Friday, August 23, 2013


I'll be honest with you.  I listen to all kinds of music.  I like everything (except "music" that is just yelling and screaming and obscenities).  The kids and I often flip through radio stations as we travel around.  I do not like talk radio.  For some reason, talk on the radio gives me flashbacks to one of my professors at Mars Hill College.  I remember falling asleep in that class several times...I can't even remember what class it was, just that the professor droned on and on that I would lose focus and check out.  Talk radio has the same effect on me...which is obviously not a good plan while I'm driving. 

The other day I was driving from Arden to Oakley, and I had the radio on to our local Christian station.  It was the transition part of the day where the music goes away and the talking begins.  Usually, I flip the station, but I didn't this time.  Focus on the Family was coming on the air and Jim Daly's intro stuck with me.  He was talking about marriage, and I was poised to switch stations, but I really liked this imagery.  He said something to the effect that our culture today views marriage as a contract, not a vow.  He also used pledge and covenant as words we should associate with marriage.  I'm a words person, and that may have been what sucked me in.  

When I got home that evening, I started looking up definitions and origins of phrases.  So, bear with me (definitions from

contract- an agreement between two or more parties for the doing or not doing of something specified.

vow- a solemn promise or assertion; specifically : one by which a person is bound to an act, service, or condition; to bind or consecrate

pledge- solemn promise or agreement to do or refrain from doing something:

covenant-  usually formal, solemn, and binding agreement 

When I hear the word "contract", I think of a business agreement.  I have the image of a deal being struck and each person is obligated to the agreement until they have fulfilled their end of the deal.  If I look at this same word while viewing marriage, it's disturbing.  Like Dr. Daly was saying, many people have this view on their marital relationships.  Once someone has "put in their time" or they feel they've done their part of the deal, they can break their contract.  

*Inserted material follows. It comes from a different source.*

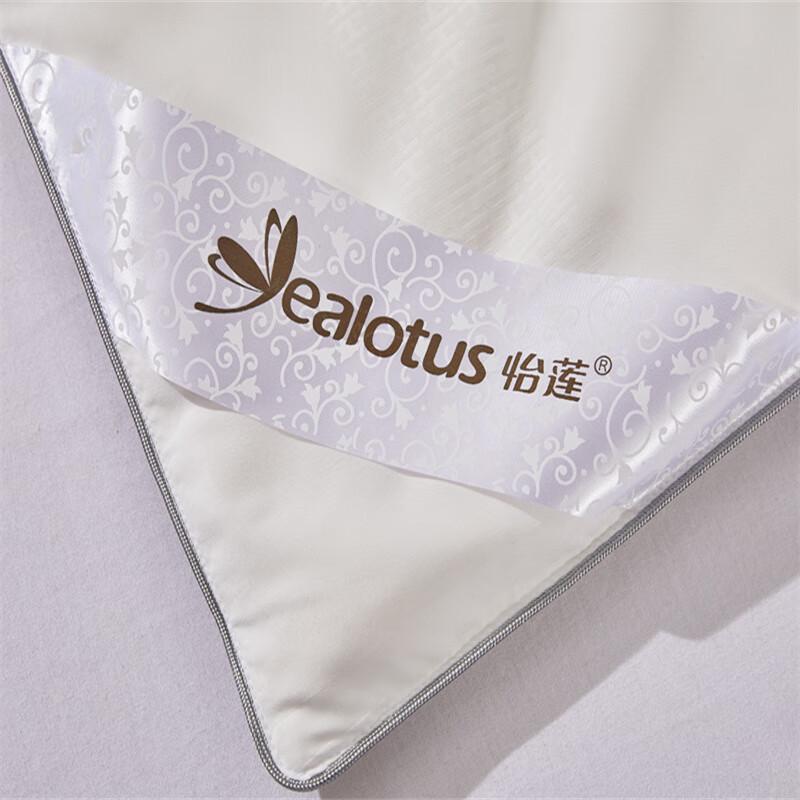 Yilian Natural Tussah Silk Quilt YL-819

Now, please hear me when I say that I am a realist.  I am fighting very hard not to be a cynic, but I am absolutely not a romantic.  BUT, when I looked at the words "vow", "pledge", and "covenant" I feel very hopeful.  In the definitions for all of these terms, the word solemn is linked to it.  In other words, this is serious!  And, I love the imagery used with "bound" and "binding" in the above definitions.  If people went into a marriage seriously promising to tie themselves to their mate for life, what a difference.  In my little mind, I use words and pictures together.  I hear bound and I think of a mother with a child swaddled and wrapped closely to her body.  The two of them are bound together. They can feel each other and see each other.  If the Mama stumbles, the baby will feel it.  I think of captives who are bound to one another with chains.  They are sharing the experience, they are linked together,  Whatever one does, the other feels.  

At my most romantic (which is limited at best) I envision a husband and wife saying to one another that solemnly vow, seriously promise, to tie their life up with their mate.  They are saying that if you hurt, I'll hurt. If you rejoice, I'll rejoice.  If you fall, I'll stumble...but because we are bound together, I'll help pull you back up.  I wish people would really think about the words they say on their wedding day.  I wish they would realized how heavy a vow is.  I wish more people would weigh out the promises they make to another person...If ever I am fortunate enough to take that vow again, I will have to think long and hard about what words to use.  If I am going to bind my life with someone else, I want to know that the bond will be unbreakable.

I have learned there is no guarantee in relationships.  But, I wholeheartedly believe that if Christ is the center of a marriage, that marriage will survive and thrive.  Do you remember making friendship bracelets when you were younger?  Remember getting those three pieces of thread, knotting them together at the top, then weaving them together to make your jewelry?  That's what I picture for a marriage...three strands...husband, wife, and Christ...woven together in their hearts, minds, and life...bound together, not to be broken apart.